The terms of business agreement reinforced the announcement in the maritime change programme that was made under Labour and my right hon. Friend the Member for Coventry North East (Mr Ainsworth) that Plymouth would continue to be a centre of excellence, particularly for deep maintenance work, and I trust that there is no intention to change that position. Our dockyard and naval base, to which I shall return, support about 7,000 jobs directly and about the same number again externally, including small and medium-sized businesses in the supply chain. My hon. Friend the Member for Barrow and Furness (John Woodcock) flagged up the supply chain in relation to the Astute submarine. I have here a map that shows clearly at least 100 main contractors for the carriers, 13 of which are in the south-west. Each of those 13 contractors has a multitude of smaller companies feeding into it, supporting UK defence.
We need those jobs. A recent BBC-Experian survey flagged up just how vulnerable Plymouth would be without them. We are 309th out of 324 local authority areas in terms of our dependence on public sector-including MOD-investment and jobs. If we were the subject of significant job losses, we would be disproportionately hard hit. Because of our peripherality, we are not in a position, without significant Government investment in transport and digital links, to attract large private sector companies of the type that the Business Secretary and the Chancellor seem to think will fill the gaps left by the removal of any public sector involvement. We know that that investment is not going to happen.

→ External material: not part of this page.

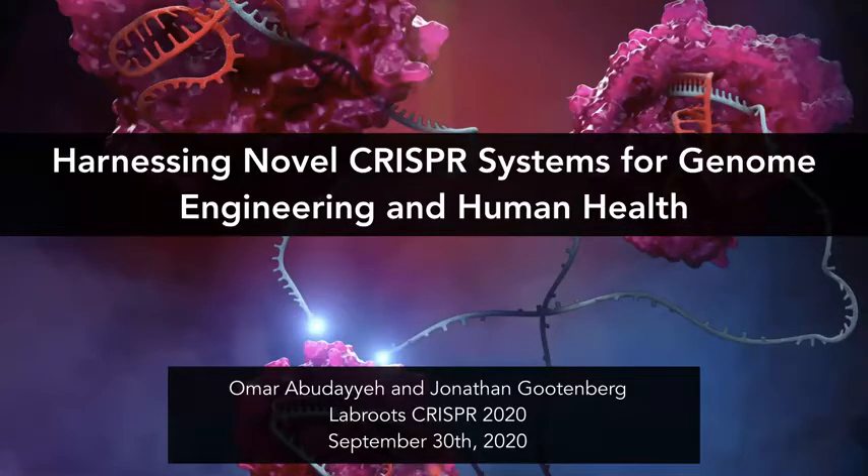Hello, I'm Omar and along with Jonathan I'll be presenting our novel CRISPR enzyme discovery work in engineering for both diagnostics and transcriptome engineering.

The city of Plymouth has an exciting growth agenda, but that could be scuppered if the wrong decisions are made in the defence review. The cost to the Treasury of the loss of fiscal income and increased benefit payments for unemployment and housing, as well as the loss of spending power and therefore of income because of the VAT increase, would be significant. If Plymouth does not thrive, the whole sub-region will suffer. The planned local economic partnership proposed by the Conservatives could struggle without a hub such as Plymouth that is really thriving. What has the Business Secretary got to say about this in relation to the SDSR? He really should have a view, as should the Secretaries of State for Work
and Pensions and for Communities and Local Government, not least because Plymouth city council will be left to pick up the pieces as it had to when cuts were made to the defence industry under the previous Conservative Government. We know from bitter experience that it takes decades to recover from such a position and that that places a huge burden on the local authority. Perhaps that is why the Conservative leader of Plymouth council has added her voice to the campaign that is being taken to her party's Ministers to ensure that the SDSR does not damage Plymouth's economy.

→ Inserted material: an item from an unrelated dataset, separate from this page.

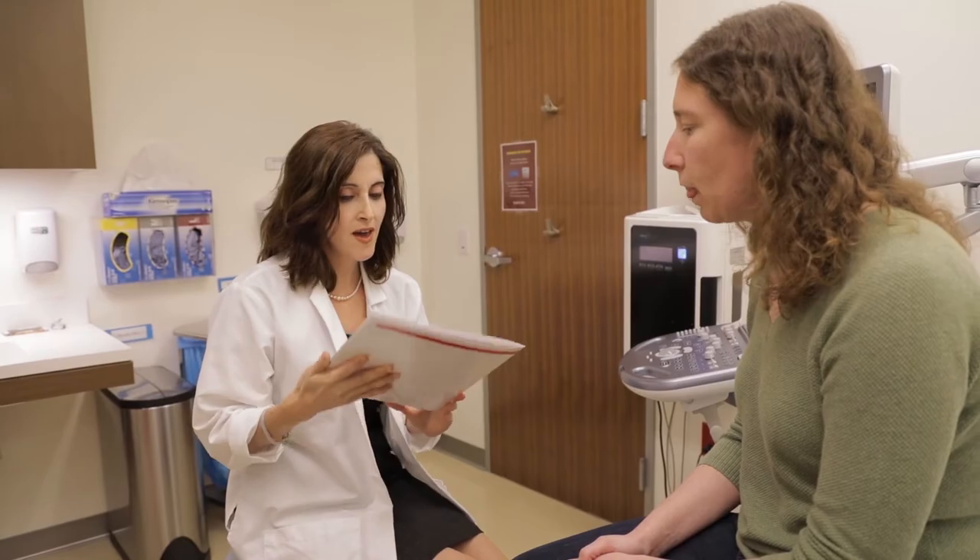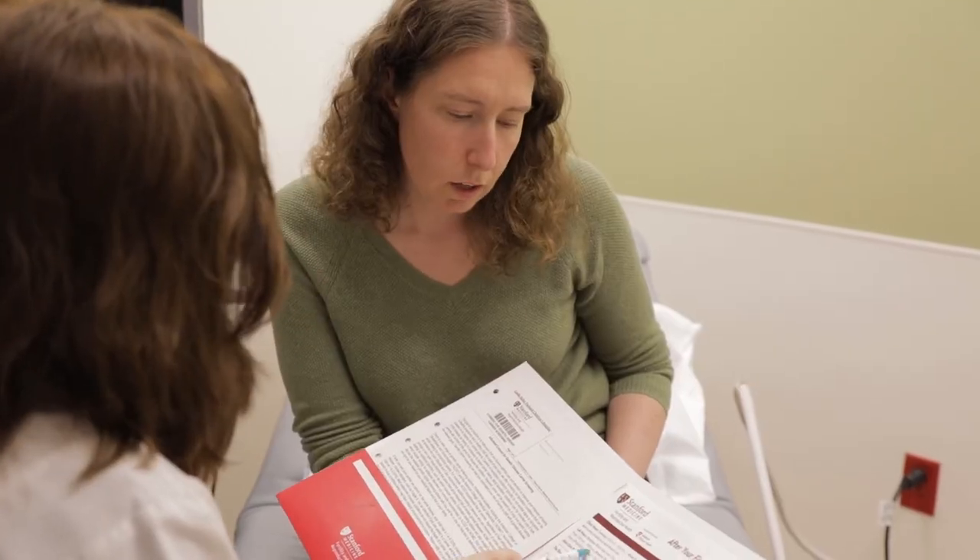There are several conditions that can affect the endometrium or uterine lining, so depending on every different situation, the treatment and management can be different. At Stanford we do have an endometrial health program which is directed exactly on improving the implantation rates in patients that have issues with endometrium.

Plymouth has the largest naval base in western Europe and has the capacity cost-effectively to take more work and more vessels. There is a very strong economic argument for making better use of our flexible facilities. We need to support the skills base by bringing more ships alongside, perhaps moving them from Portsmouth. The hon. Member for Portsmouth North (Penny Mordaunt) gave an extremely robust defence of the two carriers, and I utterly support that position. We could align the regular day-to-day maintenance with the deep maintenance.
Let me draw hon. Members' attention to an incredibly robust article in Warships International Fleet Review by Francis Beaufort, entitled, "Will 'coalition of idiots' shut Devonport, give the marines to the army and send ASW"-anti-submarine warfare-"'on holiday'?" In the article, he comments
"None of Portsmouth's fleet support facilities compare with Devonport's. The latter can refit nuclear-powered submarines, handle deep work on surface warships...as well as offering a world class Operational Sea Training centre for the Royal Navy,"

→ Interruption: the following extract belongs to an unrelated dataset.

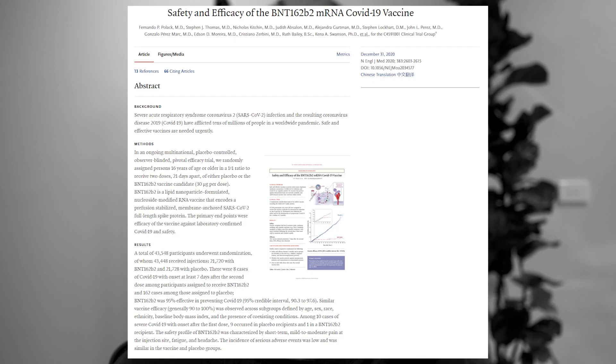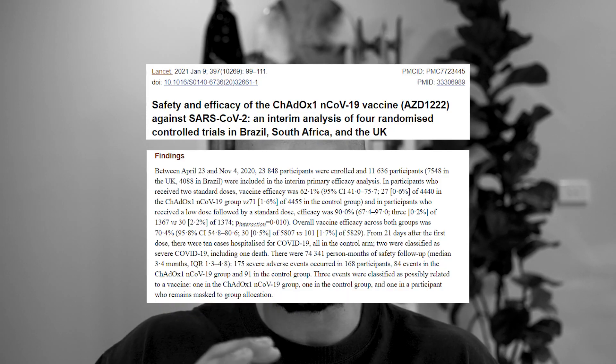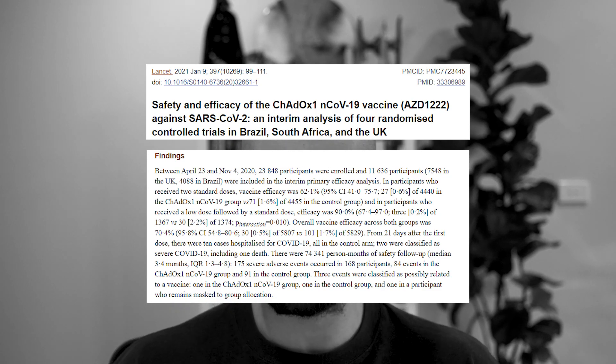Pfizer and Moderna use mRNA technology — new technology that seems to be very effective, at least from an efficacious standpoint. Previous research suggests we're looking at 95% efficacy. Now, we compare that to the AstraZeneca, where we're looking somewhere around 70% to 80% efficacy at building immunity against the coronavirus.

and so it goes on. The article also touches on flag officer sea training from Plymouth, which brings in a healthy income and can operate only in Plymouth because we have fast access to deep water. That is not the case anywhere else in the UK and certainly not in Portsmouth, where ships would have to negotiate busy shipping lanes. The Thursday wars that are operated so easily in and out of Plymouth simply could not be done anywhere else. So, I hope that that is not being considered as something to be moved.
The Navy needs to retain its amphibious strength. Significant investment has gone into, and is going into, Plymouth to support the Royal Marines, who are due to move there from Poole shortly. That capability is crucial to the shape of the future fleet and links to the need for the two carriers. I strongly counsel against any move to mothball the three vessels and landing craft that are currently based in Plymouth.
If the Treasury and MOD can sort out their turf war, they should look at whether, given the statements of the Prime Minister and the Foreign and Defence Secretaries in the run-up to the election that we must retain three naval bases, there is scope for minimising Portsmouth in a way that enables it to capitalise, as Plymouth cannot, on the commercial interest in the site and the higher land value of the MOD asset there, while retaining a Navy presence in Portsmouth, including its headquarters.
Devonport has a long naval history, with its infrastructure, skilled personnel and natural providence. The MOD could do a lot by protecting and, indeed, expanding Plymouth, but at the very least the new Government should stick to the findings and proposals of the maritime
change programme and the naval base review which underlay the Government's guarantee of a bigger and better future for Devonport, because it simply makes sound economic sense.
Oliver Colvile (Plymouth, Sutton and Devonport) (Con): I am grateful to be called to speak in this debate on the issue of defence, which is so important to the Plymouth, Sutton and Devonport constituency. May I say what a delight it is to follow my neighbour and colleague the hon. Member for Plymouth, Moor View (Alison Seabeck). I associate myself strongly with much of what she has said.
In both my maiden speech and the Afghan debate last week I paid tribute to 3 Commando Brigade, 29 Commando, the Royal Marines and of course the Royal Navy, which have played an enormous part in ensuring a strong defence for us in Afghanistan. I will do that again today.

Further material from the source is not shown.